Here we can see that we run into more duplicate human-book pairs which makes sense since we basically turned many different book variations into one id, so we remove duplicates again.

In [24]:
# Remove duplicate user-book pairs
indexed_data_unique = indexed_data.dropDuplicates(["user_id_int", "book_id"])

a = indexed_data.count()
b = indexed_data_unique.count()

print("Original count:", a)
print("After removing duplicates:", b)
print("Duplicates removed:", a-b)

Original count: 2397614
After removing duplicates: 1931845
Duplicates removed: 465769


In [25]:
indexed_data_unique.show(5)

+-----------+-------+--------------------+-----+
|user_id_int|book_id|          Title_Norm|score|
+-----------+-------+--------------------+-----+
|          1| 181419|   this calder range|  5.0|
|          9| 146495|the breadman's he...|  5.0|
|         37|  79182|jane eyre / wuthe...|  5.0|
|         45|  80657|johnny tremain: a...|  5.0|
|         93|  39854| dawn in eclipse bay|  3.0|
+-----------+-------+--------------------+-----+
only showing top 5 rows



In [27]:
# Count unique books
unique_books = indexed_data_unique.select("book_id").distinct().count()

# Count unique users
unique_users = indexed_data_unique.select("user_id_int").distinct().count()

# Calculate average reviews per user
reviews_per_user = indexed_data_unique.groupBy("user_id_int").count()
avg_reviews_per_user = reviews_per_user.select(F.avg("count")).first()[0]

# Print the statistics
print(f"Number of unique books: {unique_books:,}")
print(f"Number of unique users: {unique_users:,}")
print(f"Average reviews per user: {avg_reviews_per_user:.2f}")

# Additional distribution statistics
reviews_distribution = reviews_per_user.select(
    F.min("count").alias("min_reviews"),
    F.expr("percentile(count, 0.25)").alias("Q1"),
    F.expr("percentile(count, 0.5)").alias("Q2"),
    F.expr("percentile(count, 0.75)").alias("Q3"),
    F.max("count").alias("max_reviews")
)

reviews_distribution.show()

# Show top 10 most active reviewers
print("\nTop 10 Most Active Reviewers:")
reviews_per_user.orderBy(F.col("count").desc()).show(10)

Number of unique books: 198,919
Number of unique users: 1,008,972
Average reviews per user: 1.91
+-----------+---+---+---+-----------+
|min_reviews| Q1| Q2| Q3|max_reviews|
+-----------+---+---+---+-----------+
|          1|1.0|1.0|1.0|       5243|
+-----------+---+---+---+-----------+


Top 10 Most Active Reviewers:
+-----------+-----+
|user_id_int|count|
+-----------+-----+
|      35080| 5243|
|     859798| 3297|
|     870831| 1524|
|     246677| 1374|
|     208408| 1071|
|     148621| 1060|
|     448655|  859|
|     164799|  779|
|     695950|  713|
|      96987|  684|
+-----------+-----+
only showing top 10 rows



**ATTENTION** <br>
Because during debugging the spark session would often crash and i had to restart the kernel, i saved the final data so each time that i would re-run the spark, i wouldnt have to re-run the data processing too. <br>
be careful this snippet of code will make and save inside the relative directory.

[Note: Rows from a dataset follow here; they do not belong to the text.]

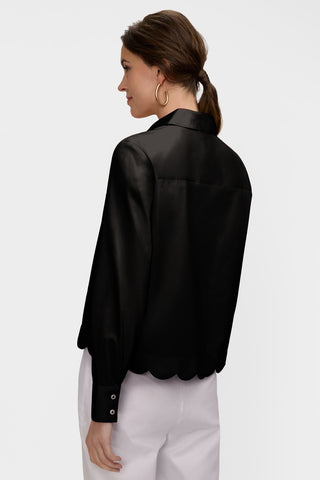 Angled back view of model wearing Scarlett Stretch Matte Sateen Long Sleeve Shirt #color_black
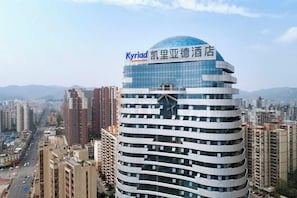 A modern hotel with a distinctive curved facade and a prominent sign at the top. - Kyriad Marvelous Hotel (Heyuan)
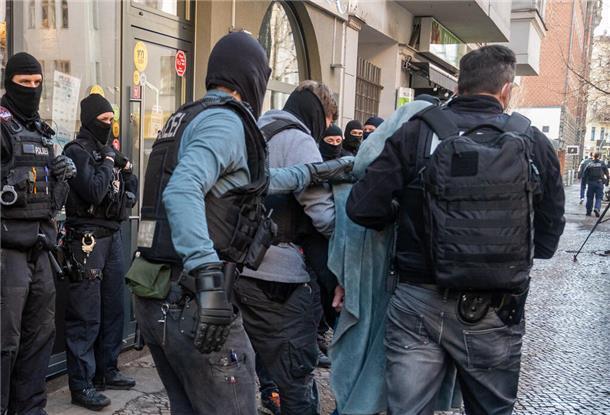 Ein Mann wird bei einer Razzia, mit einer Decke über dem Kopf, von der Polizei abgeführt.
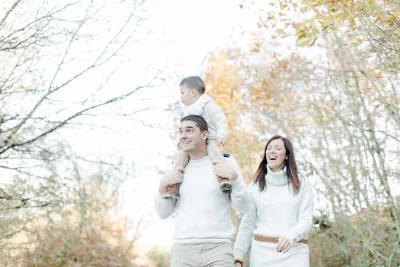 Famille complice en tenue blanche se promenant dans la nature automnale avec leur enfant sur les épaules
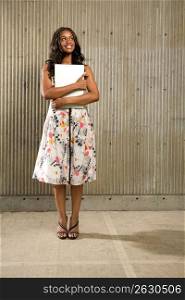 Portrait of young African American woman holding a laptop computer and standing in front of a cement wall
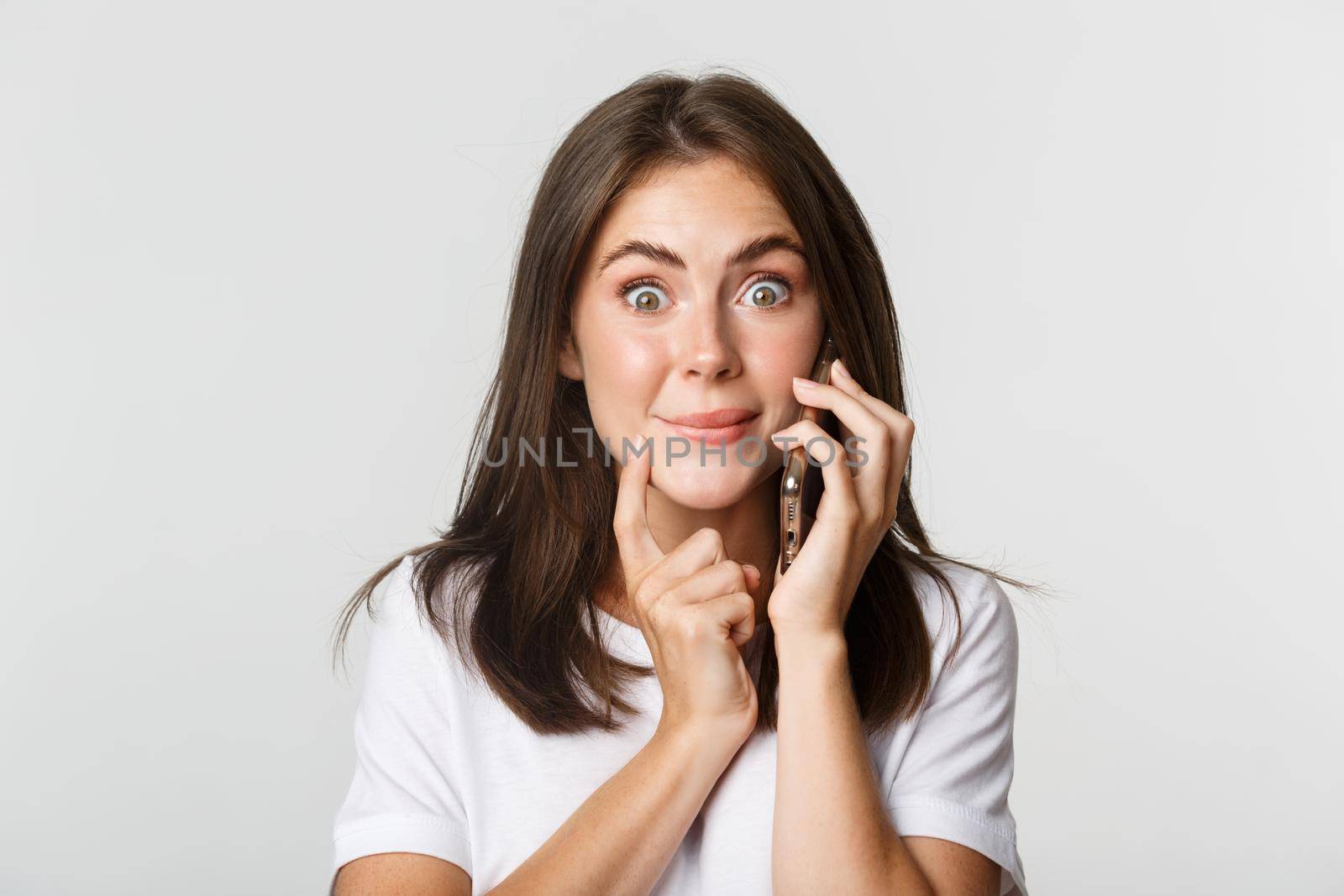 Close-up of intrigued smiling girl talking on smartphone with tempted expression.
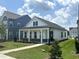 Charming single-story home with a welcoming front porch and beautifully landscaped yard at 2874 Quarry Rd # 165, Rolesville, NC 27571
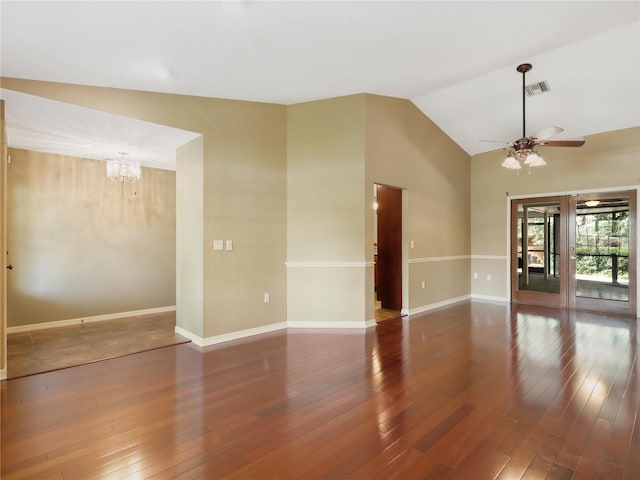 spare room with baseboards, wood finished floors, ceiling fan with notable chandelier, and high vaulted ceiling
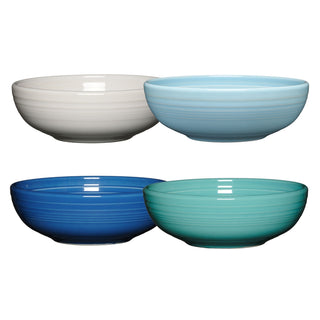 The Fiesta Mixed Coastal Blue Bistro Coupe 7 5/8-Inch 38OZ Medium Bowls set of 4 features lead-free ceramic bowls in white, light blue, dark blue, and teal, arranged in two rows against a white background.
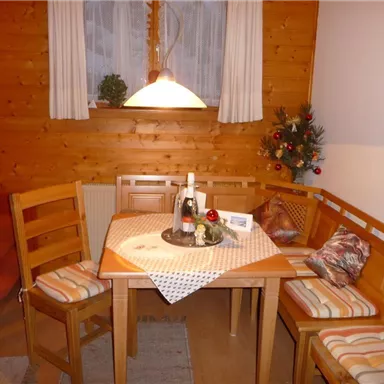 A cozy dining area with a table and wooden chairs. On the table are a bottle of sparkling wine and festive decorations.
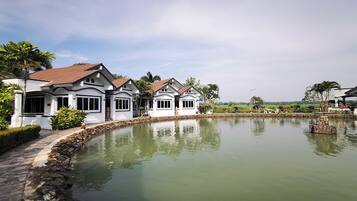A series of white buildings with red roofs and a calm water body in the foreground.
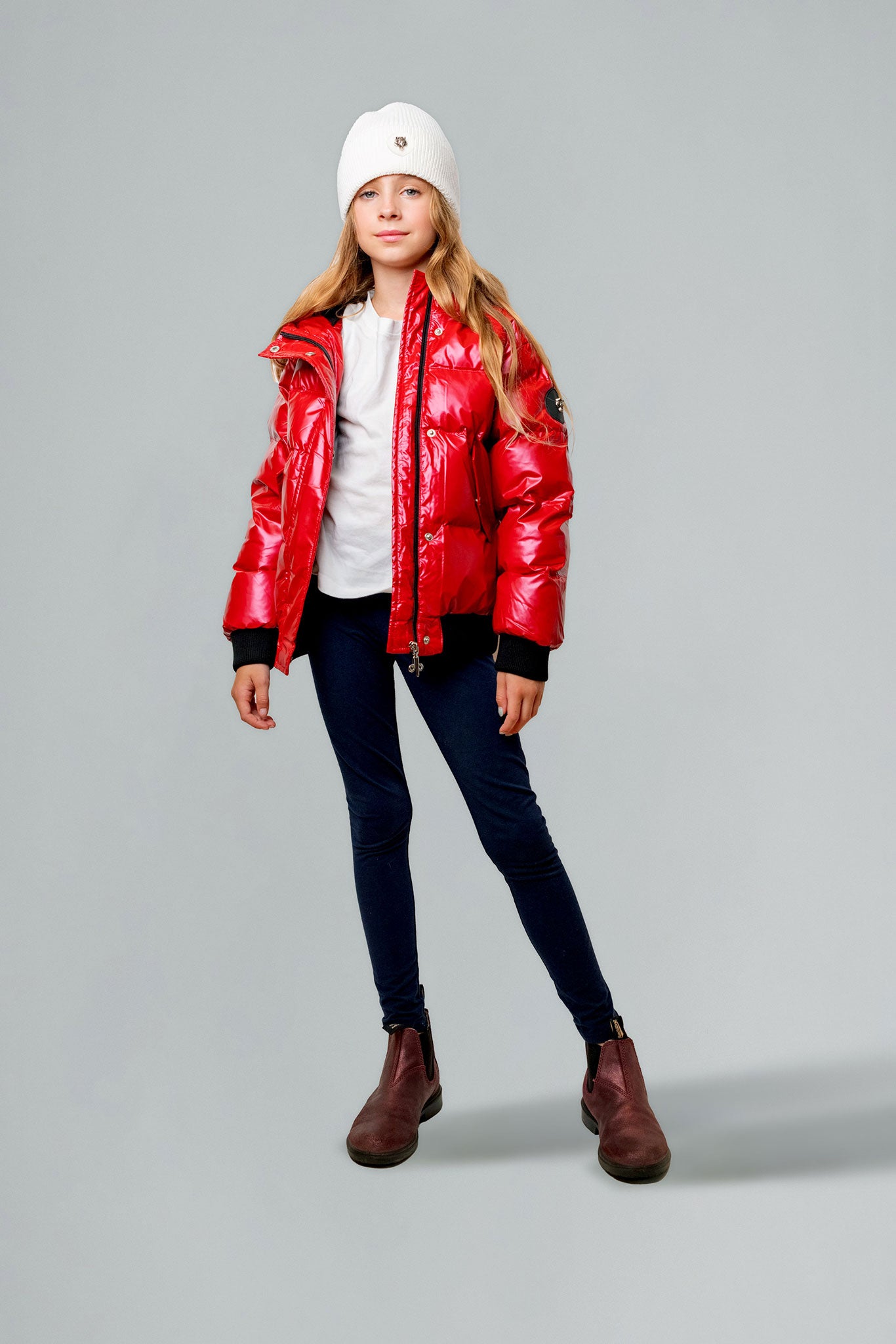 Woodpecker Kids' Chickadee Winter coat. High-end Canadian designer winter coat for Kids in "Raspberry" colour. Woodpecker cruelty-free winter coat designed in Canada. Kids' heavy weight short length premium designer jacket for winter. Superior quality warm winter coat for kids. Moose Knuckles, Canada Goose, Mackage, Montcler, Will Poho, Willbird, Nic Bayley. Extra warm. Shiny parka. Stylish winter jacket. Designer winter coat.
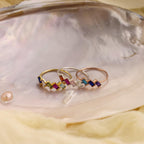 The Multiple Baguette Birthstone Ring, one of three vibrant stackable rings, sits on a shiny iridescent shell with a pearl and soft fabric nearby.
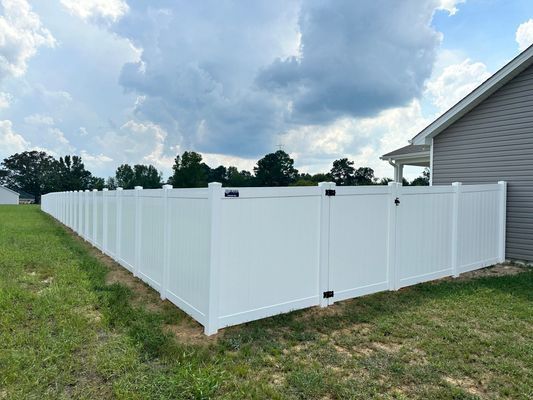 A white vinyl fence with a gate is in the backyard of a house.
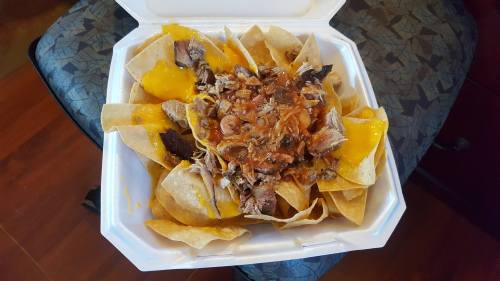 A takeout container filled with nachos topped with melted cheese, shredded meat, and a hearty bean mixture.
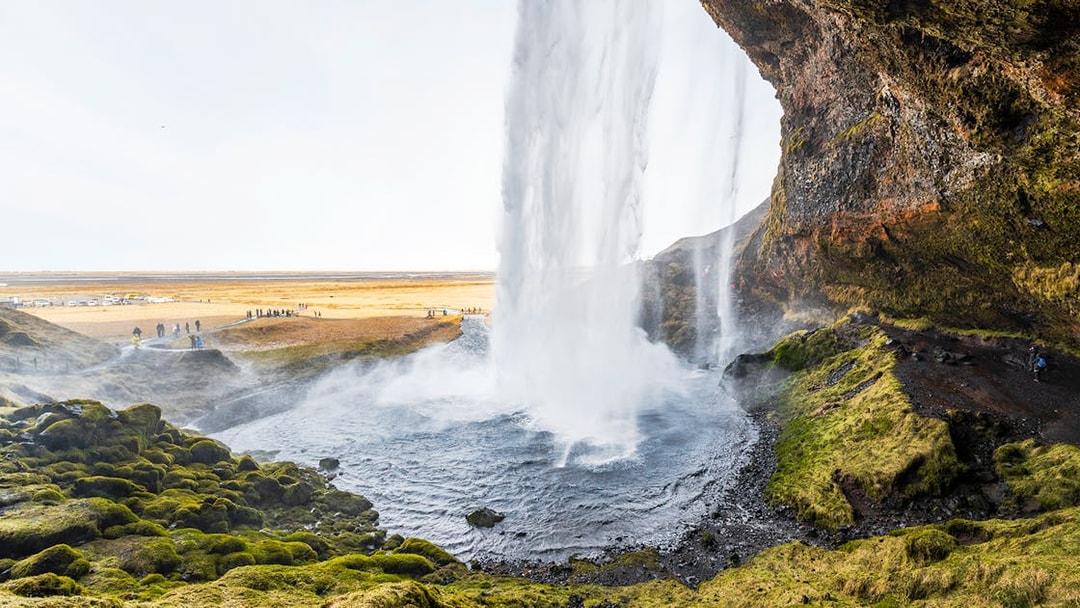 Seljalandsfoss waterfall cascading over mossy cliffs in Southern Iceland.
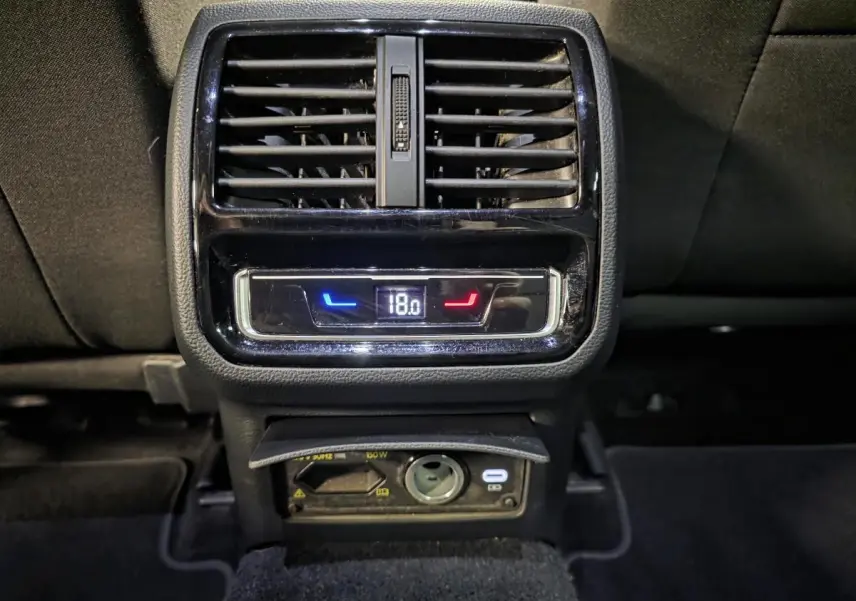 Détail de la console arrière noire de la Volkswagen Passat SW 2023 avec ventilation et réglage de température à 18°C.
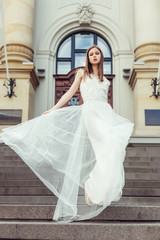 Gorgeous elegant caucasian young lady posing outdoors in old town in fashionable wedding dress. Beauty, fashion, vogue concept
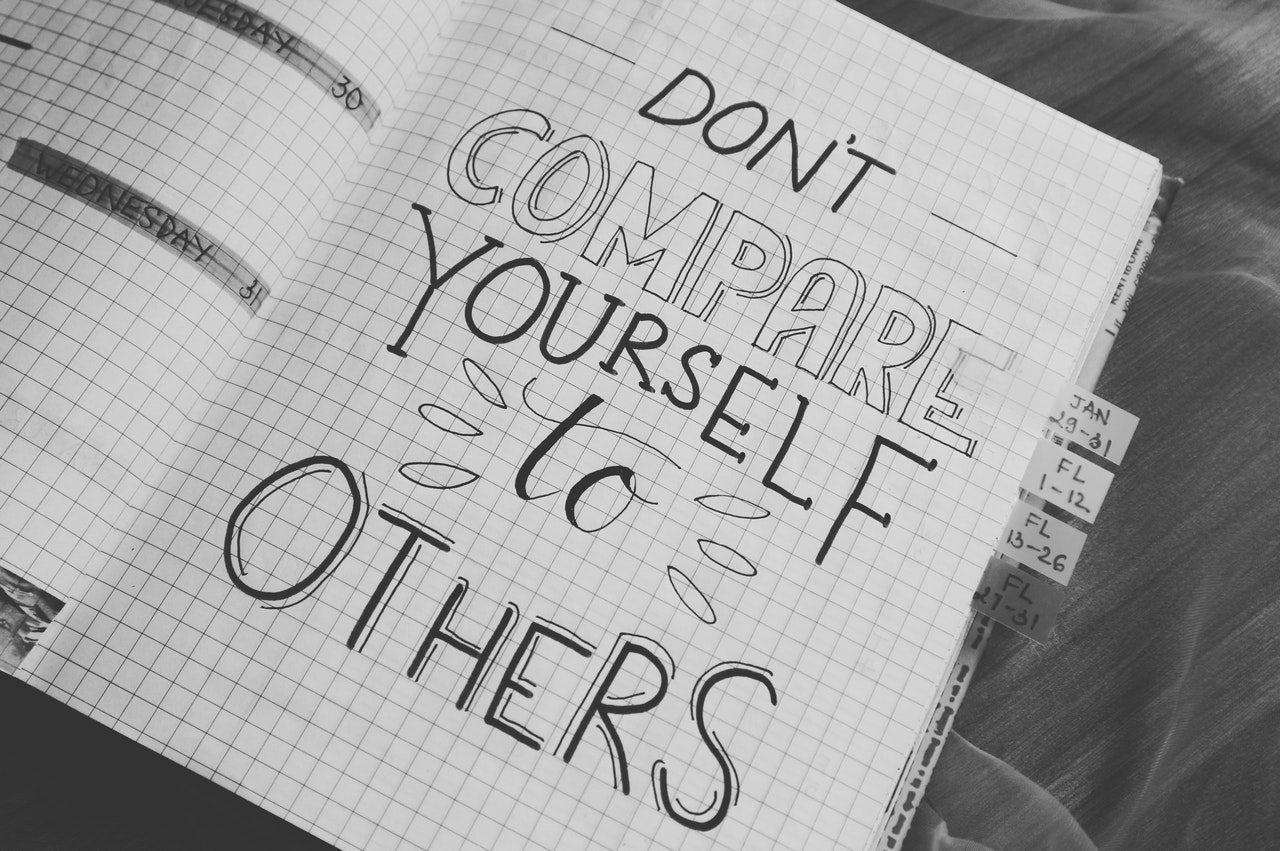 Don't compare yourself to others notepad writing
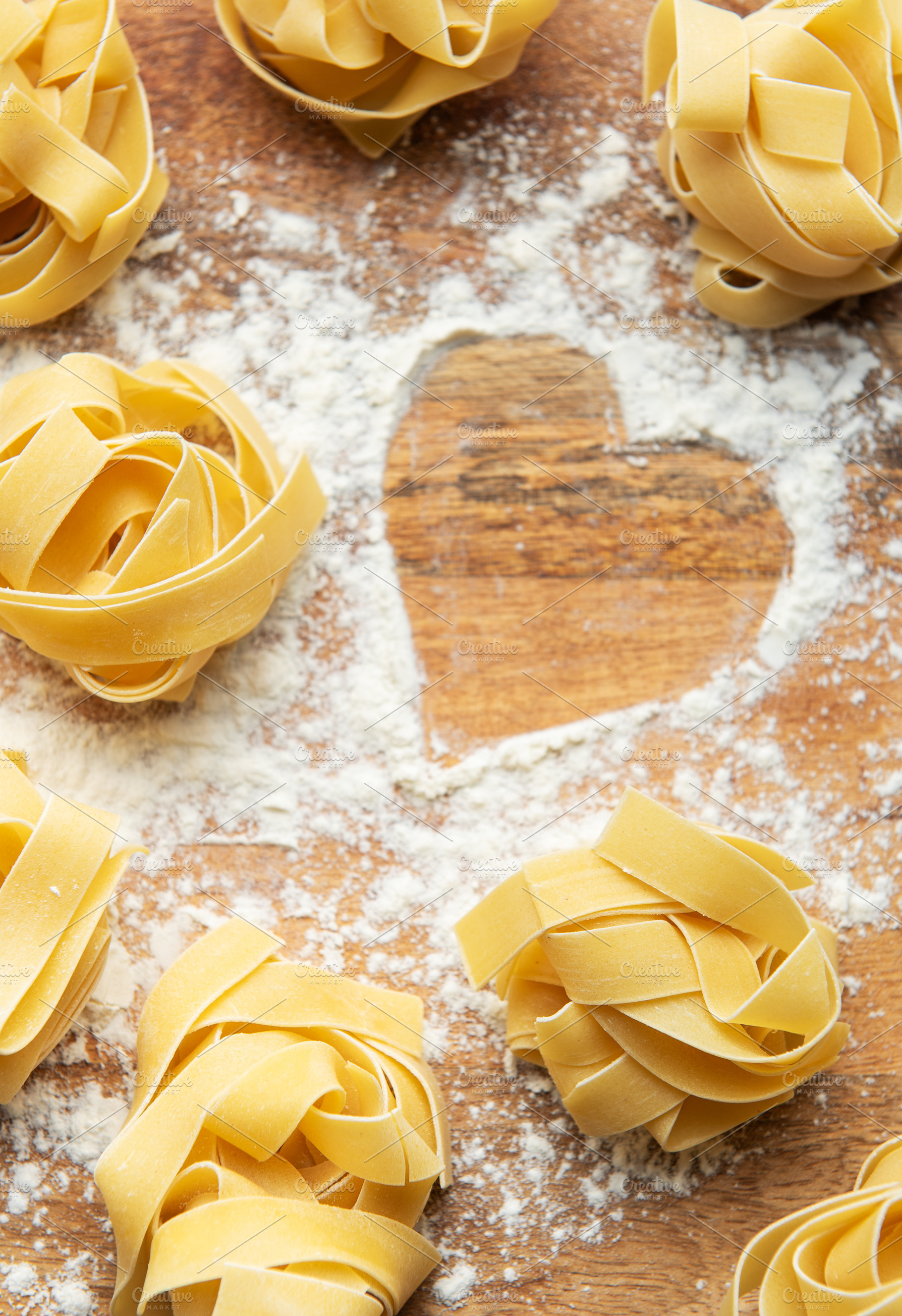 Uncooked tagliatelle pasta nests with heart of flour on wooden b, a Food & Drink Photo by Olena Rudo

You might wanna skip the next 2 blocks.

In [28]:
# Convert to pandas DataFrame for reliable local storage
final_data = indexed_data_unique  # Ensure we use the right DataFrame
pandas_df = final_data.toPandas()

# Create directory if needed
os.makedirs("pandas_data", exist_ok=True)

# Save as CSV using pandas (no Hadoop dependency)
pandas_df.to_csv("pandas_data/final_data.csv", index=False)

# Also save as pickle for faster reloading
pandas_df.to_pickle("pandas_data/final_data.pkl")

print(f"Successfully saved DataFrame with {len(pandas_df)} rows")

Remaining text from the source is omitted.